Return each entry below exactly. Skip the images.

SOURCE DATA:
+---+

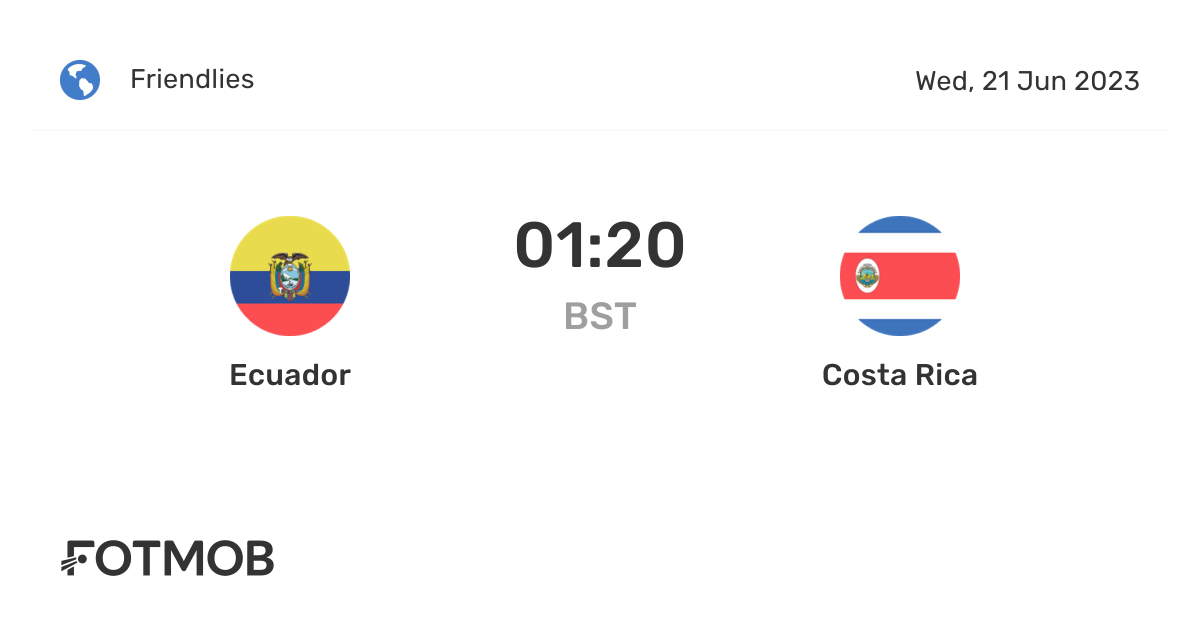 Ecuador vs Costa Rica live score, predicted lineups and H2H stats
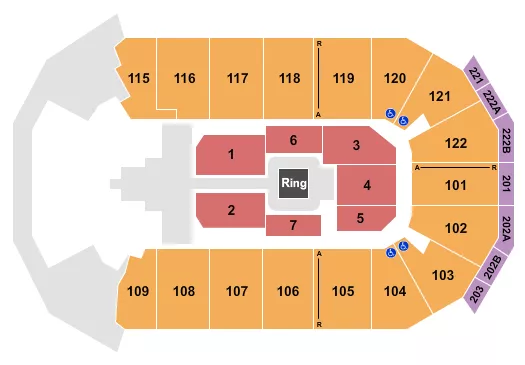 WWE 2 Seating Map Seating Chart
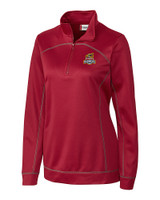 Toledo Mud Hens Clique Helsa  Performance Womens Half Zip Pullover Sweatshirt Darkest Red Mannequin
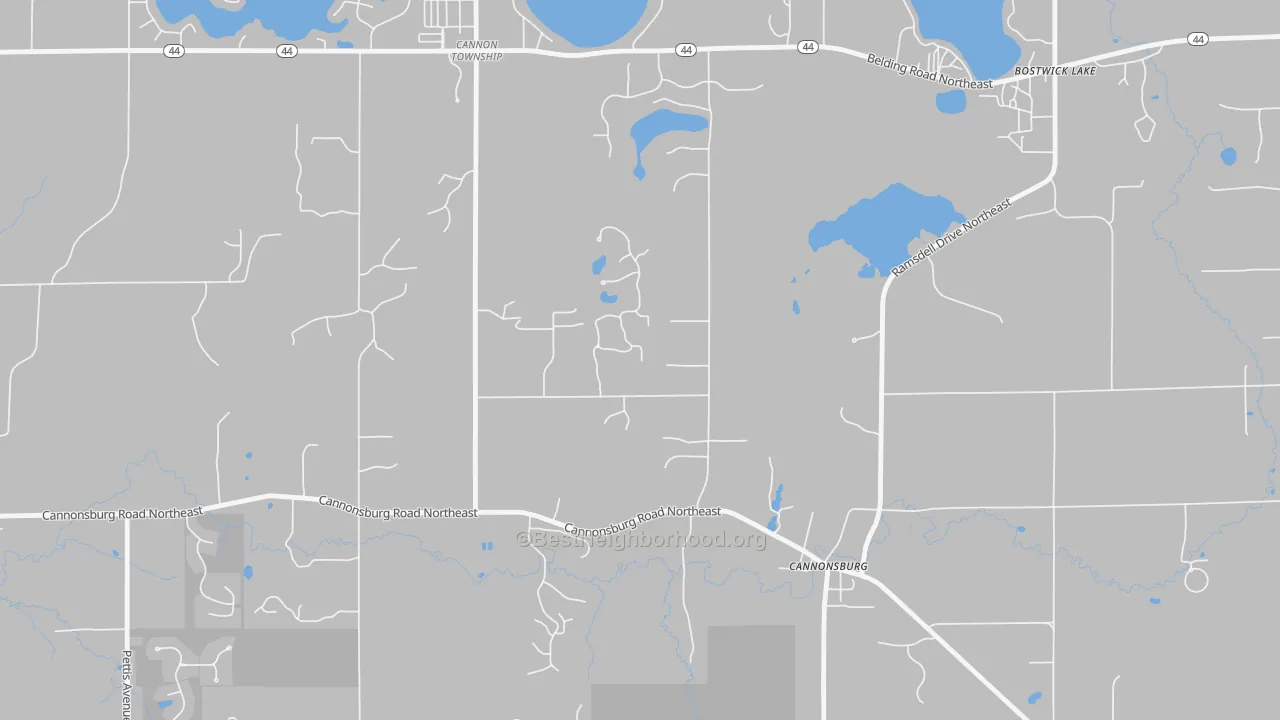 Transit Grade map of Cannonsburg, MI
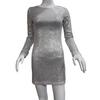 Lady Evening Dress Shiny Sequin Slim Fit Sheath Long Sleeves Above Knee Length O Neck Mini Dress Club Party Prom Short Dress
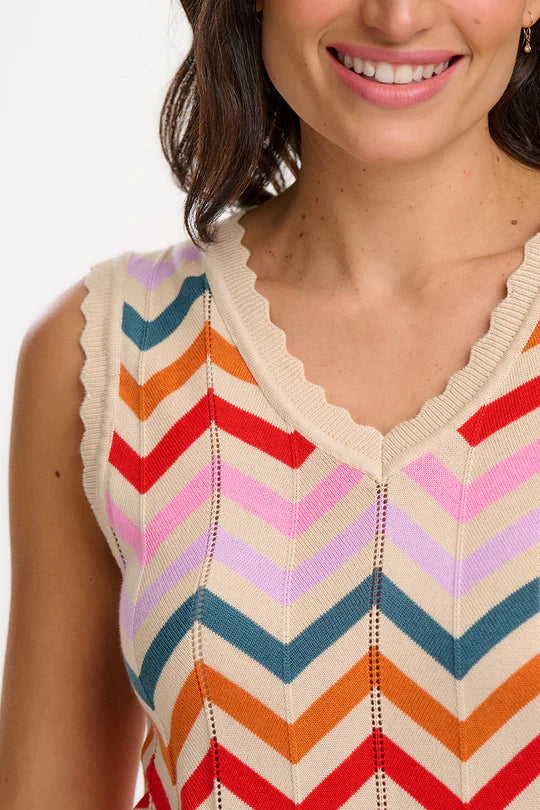 SUGARHILL "Rosy V Neck Knit Vest" (Cream Rainbow Chevron Stripes)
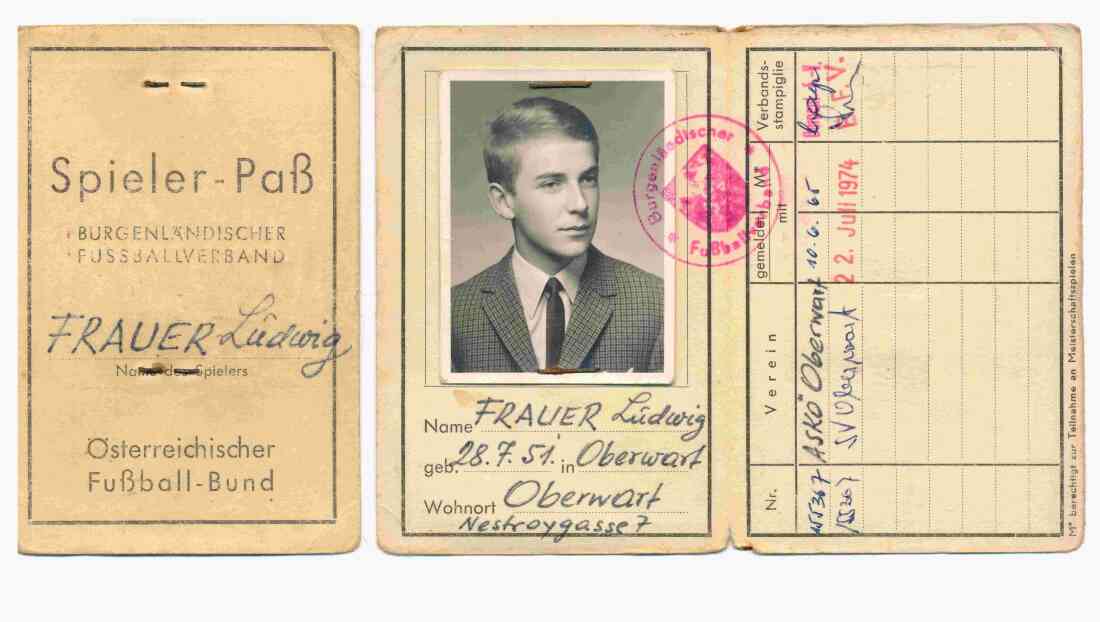 Spielerpass des bgld. Fußballverbands von Ludwig Frauer (*1951)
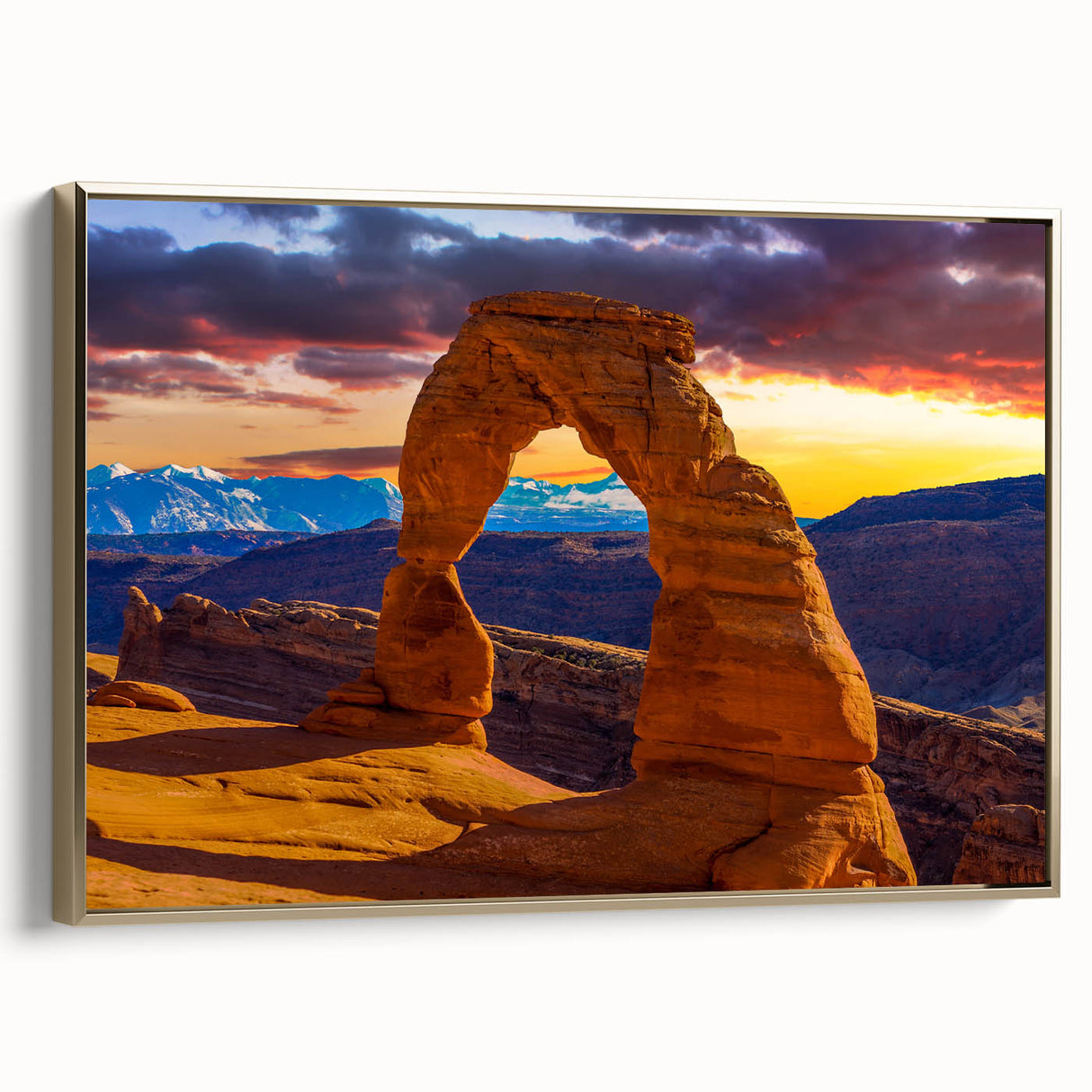 Framed canvas of Arches National Park in muted earth tones, ideal for bedroom wall art.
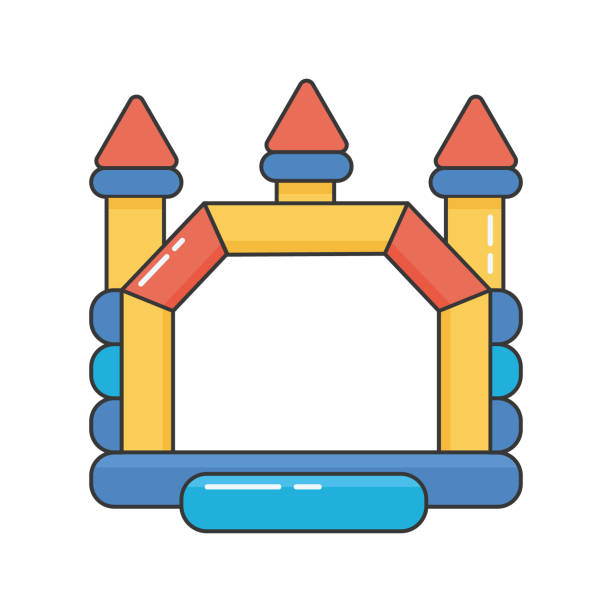 illustrazioni stock, clip art, cartoni animati e icone di tendenza di castello gonfiabile gonfiabile gonfiabile. torre e attrezzature per parco giochi per bambini. illustrazione della linea di colore vettoriale - inflatable castle play playground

+---+

ANSWER TO THE PROBLEM:
 Ecuador vs Costa Rica live score, predicted lineups and H2H stats
 WWE 2 Seating Map Seating Chart
 Toledo Mud Hens Clique Helsa  Performance Womens Half Zip Pullover Sweatshirt Darkest Red Mannequin
 Transit Grade map of Cannonsburg, MI
 Lady Evening Dress Shiny Sequin Slim Fit Sheath Long Sleeves Above Knee Length O Neck Mini Dress Club Party Prom Short Dress
 SUGARHILL "Rosy V Neck Knit Vest" (Cream Rainbow Chevron Stripes)
 Spielerpass des bgld. Fußballverbands von Ludwig Frauer (*1951)
 Framed canvas of Arches National Park in muted earth tones, ideal for bedroom wall art.
 illustrazioni stock, clip art, cartoni animati e icone di tendenza di castello gonfiabile gonfiabile gonfiabile. torre e attrezzature per parco giochi per bambini. illustrazione della linea di colore vettoriale - inflatable castle play playground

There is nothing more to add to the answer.